# Negril.com Message Board Forums > Kingston Message Board >  Getting around town to see the sights

## LivinInThe603

Wondering if it's best to pay extra to get around town to see the major sights with structured tours, or try it the local way on the bus routes? 

I can read a subway map like it's my job, but the sheer volume of bus routes in Kingston is intimidating. 

I want to do the 56 hope road tour, trench town tour, port royal tour, and see the major spots like national heros park and emancipation park. 
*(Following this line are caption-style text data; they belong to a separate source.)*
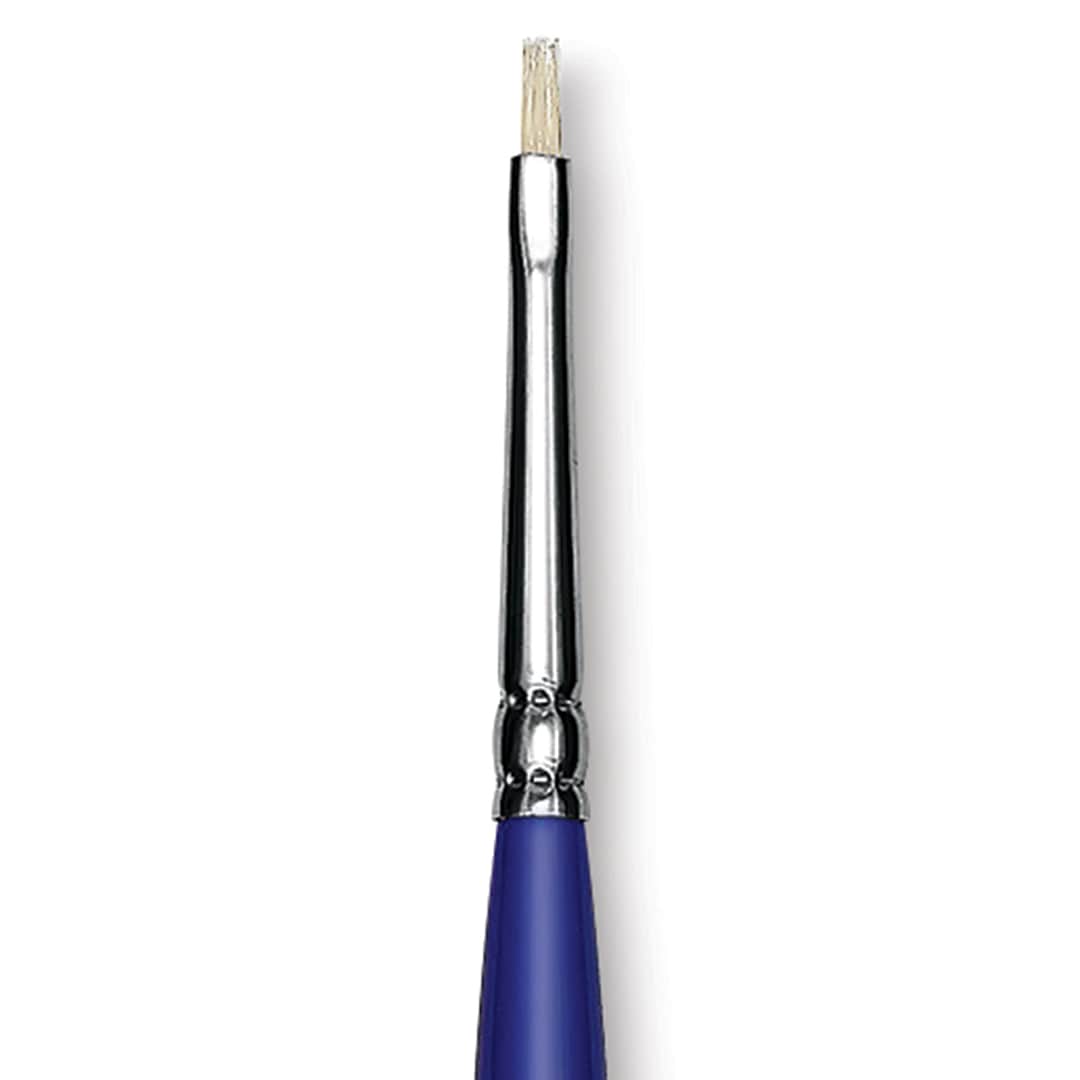 Open in modal - Blick Scholastic White Bristle Brush - Bright, Size 1 close up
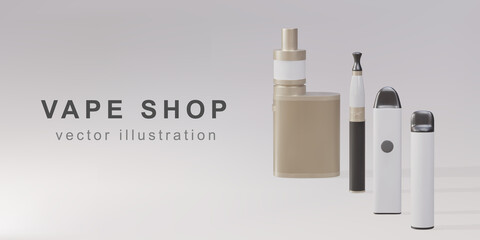3D Promotional banner for vape shop - realistic vaping devices. Vector illustration.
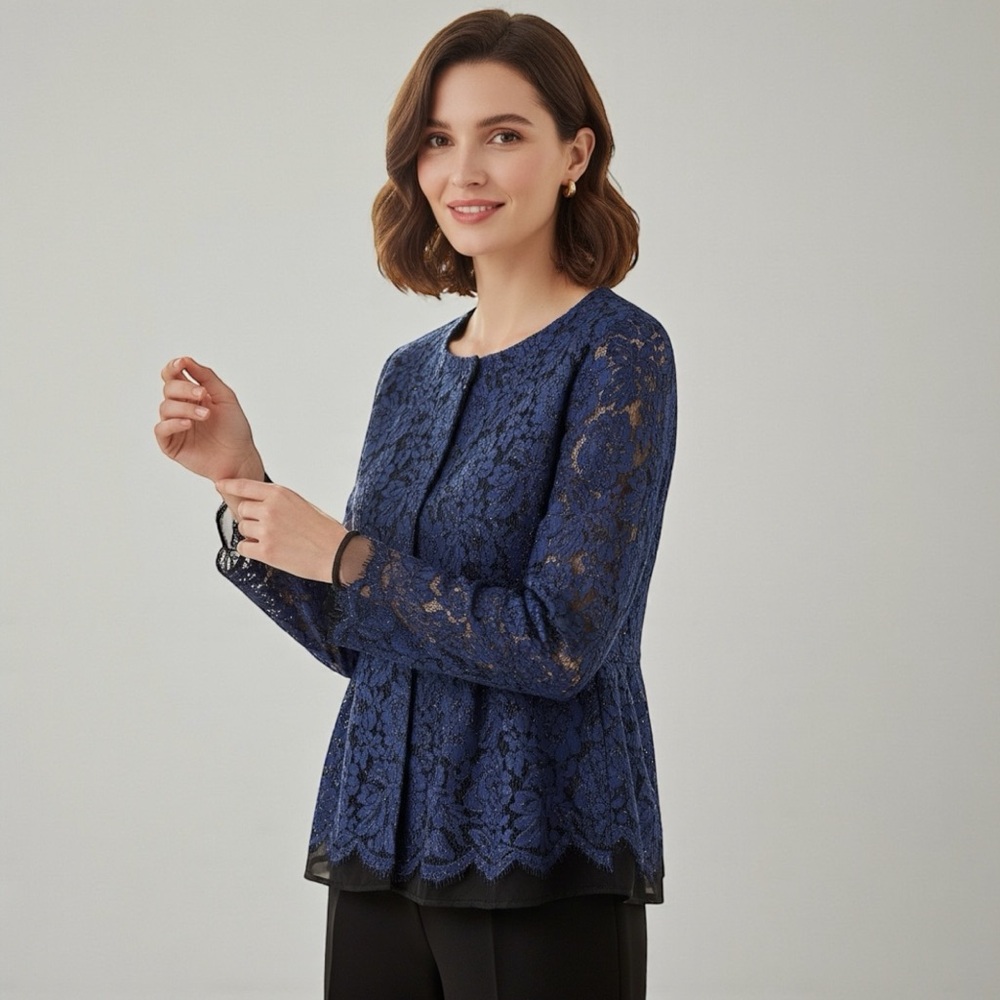 MSGM Made in Italy Lace Peplum Jacket in Navy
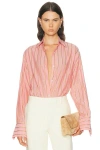 Renggli Stripe Boxy Long Sleeve Button Up In Pink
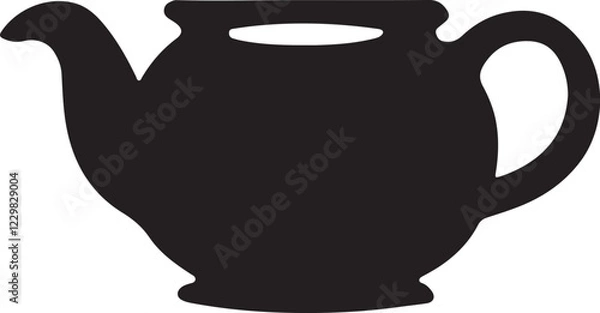 Obraz Tea pot icon silhouette vector with white background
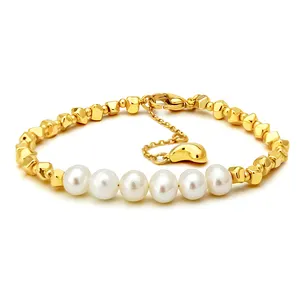 Natural Pearl Bracelets For Women Gold Color Zircon Beads Bracelet Fashion Jewelry Gift OEM ODM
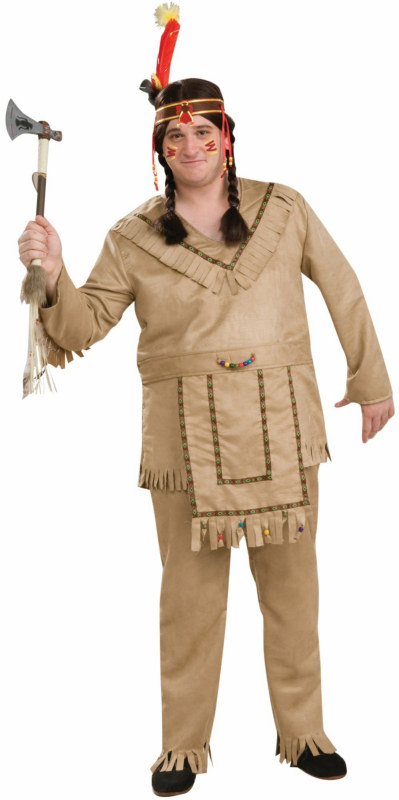 Native American Brave Adult Plus Costume - Click Image to Close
Is the bus line manageable once on site and with a little guidance from my guesthouse host?

----------


## Bnewb

The traffic can be insane and I can't even imagine using the bus lines as a visitor...overcrowded, at times overwhelming...maybe they're much easier if you live there. As single woman travelling...I wouldn't recommend it for you.
I drive there for the greatest part but have used the hackneys (safer to me)...this is a more accessible/desirable way to get around in my opinion.
Living...if you're spending a short amount of time in Kingston (a few days)...I would think taking the tours would be more enjoyable, informative and less frustrating...the tours are designed for that reason.

This would be all different if you're travelling with a Jamaican...they should easily be able to plan this all in advance for you.

----------


## LivinInThe603

Thanks so much!!! I appreciate your information and experience.

I think I'll look in to some organized tours; I will only be in town for a few days, as it's my first time in the city.

----------


## Babalew

a lot of these areas are walkable or accessible by taxi.  the driver took me through trench town, dropped me off at bobs museum, picked me up when i called.  walked to emancipation park from my hotel on knutsford dr. and taxi rides reasonable 400j for the most park and double for going and coming back.

----------